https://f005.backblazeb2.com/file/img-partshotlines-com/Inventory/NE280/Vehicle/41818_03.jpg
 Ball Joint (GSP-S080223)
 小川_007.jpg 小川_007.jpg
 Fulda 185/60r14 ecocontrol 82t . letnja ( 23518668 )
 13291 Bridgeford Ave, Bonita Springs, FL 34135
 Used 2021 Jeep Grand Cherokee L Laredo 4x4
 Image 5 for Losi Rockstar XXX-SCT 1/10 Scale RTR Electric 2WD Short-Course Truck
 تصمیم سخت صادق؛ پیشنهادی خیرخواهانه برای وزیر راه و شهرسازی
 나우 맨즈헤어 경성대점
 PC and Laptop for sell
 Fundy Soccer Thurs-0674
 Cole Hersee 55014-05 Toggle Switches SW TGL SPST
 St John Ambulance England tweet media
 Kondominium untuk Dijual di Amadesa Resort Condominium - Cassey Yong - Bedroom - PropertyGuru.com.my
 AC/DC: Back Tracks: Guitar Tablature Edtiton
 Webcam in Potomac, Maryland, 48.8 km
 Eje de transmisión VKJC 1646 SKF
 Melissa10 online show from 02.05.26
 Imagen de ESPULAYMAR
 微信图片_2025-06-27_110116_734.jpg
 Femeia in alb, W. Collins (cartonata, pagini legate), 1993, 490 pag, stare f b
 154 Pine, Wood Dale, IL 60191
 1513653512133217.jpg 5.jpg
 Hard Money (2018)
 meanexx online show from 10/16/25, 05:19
---
» **Work request**: After locating the line with "小川_007.jpg 小川_007.jpg" above, return that line and every later line through the one with "St John Ambulance England tweet media", word for word and with nothing else.

» **Response area**:
 小川_007.jpg 小川_007.jpg
 Fulda 185/60r14 ecocontrol 82t . letnja ( 23518668 )
 13291 Bridgeford Ave, Bonita Springs, FL 34135
 Used 2021 Jeep Grand Cherokee L Laredo 4x4
 Image 5 for Losi Rockstar XXX-SCT 1/10 Scale RTR Electric 2WD Short-Course Truck
 تصمیم سخت صادق؛ پیشنهادی خیرخواهانه برای وزیر راه و شهرسازی
 나우 맨즈헤어 경성대점
 PC and Laptop for sell
 Fundy Soccer Thurs-0674
 Cole Hersee 55014-05 Toggle Switches SW TGL SPST
 St John Ambulance England tweet media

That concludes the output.